Everybody’s heard the acronym YOLO by now: You Only Live Once. Well, for car enthusiasts, it takes on a different, less positive meaning. YOLO, for us, means “You Only Leave One”, referring to a one-wheel burnout. This is caused by having an open differential in the rear, which sends all the engine’s power to the wheel with the least grip. It’s also extremely embarrassing! How can we save you the shame of performing a one-tire fire?
There are an abundance of different differential types. Some completely lock the axles together, such as welded, spool, and locking differentials. Others allow for some slip under low pressure, including vLSDs, Clutch-type LSD, and Torsen/Helical differentials. Finally, some differentials are computer-controlled, actively sending torque where needed, called Torque Vectoring differentials.
Each type of differential has its own pros and cons, including the lockers causing premature tire and drivetrain wear, LSDs wearing out, and TVDs being unpredictable. Let’s dive into each category, find out how they work, and which differential is best for drifting.
Can I Drift An Open Differential?
The open differential is one of the most simple, economical, and practical differentials for a commuter car. With no restrictions on turning, a simple design, and few moving parts, this is a fairly reliable design too. If you looked at the street right now, odds are that over ninety percent of the cars you see have open differentials. Unless you’re reading this from a motorsports complex, or a Ferrari dealership, I suppose.
The biggest drawback of the open differential is that.. well, they’re open. Force tends to go through the path of least resistance. So when torque is applied through the differential, whichever wheel has less grip gets more power. In daily driving scenarios, that’s OK, due to there rarely being a need for both wheels to power down. On the track, drag strip, or drift circuit, however, your chances of putting significant power down are gone. If one of your wheels starts to slip, then all the power goes away from the wheel with grip, you lose all acceleration force. Needless to say, this is a massive detriment to any car looking to go quickly.

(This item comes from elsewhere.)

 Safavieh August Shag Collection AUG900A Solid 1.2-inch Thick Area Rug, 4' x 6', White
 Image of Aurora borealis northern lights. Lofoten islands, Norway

I’m sure you can see where this presents an issue for drifting. I’ve tried it, and it ended with a month-long repair and a couple grand in the hole. Starting a drift is incredibly difficult, and keeping it is near impossible. If by some miracle you get sideways, then the next issue arises. While you’re drifting, a lot of your weight is on the leading tires, and shifts frequently when you’re transitioning between corners. Each time you transition, or stay in a bend with that weight distribution, is another chance for the differential to quit putting power to both wheels.
Should I Drift With A Limited Slip Differential?

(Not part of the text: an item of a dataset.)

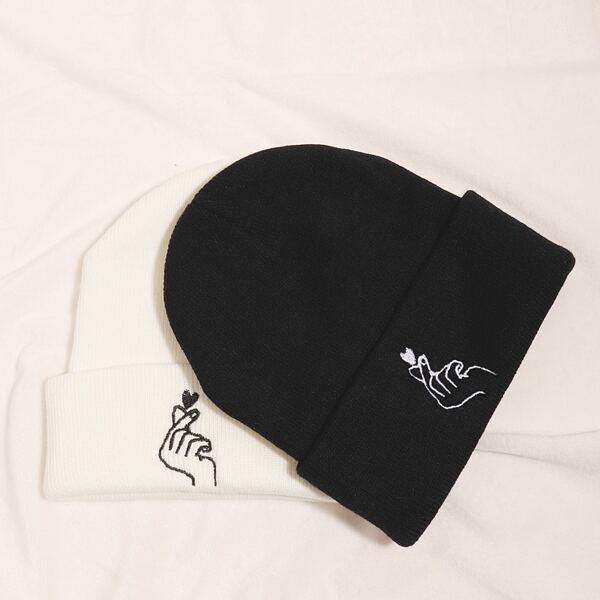 

2pcs Gesture Embroidered Knitted Hat, Black and white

This type of differential is your most practical option for a track or drift car that you drive on the street. With the ability to lock up under power while not sacrificing turning ability, this is your low-tech middle ground. However, for those willing to make comfort sacrifices in order to drift better, pass these up. There’s a few different ways that LSDs lock up, using clutches, gears, or hydraulic-esque fluids. Each one has its own quirks, lets go into them.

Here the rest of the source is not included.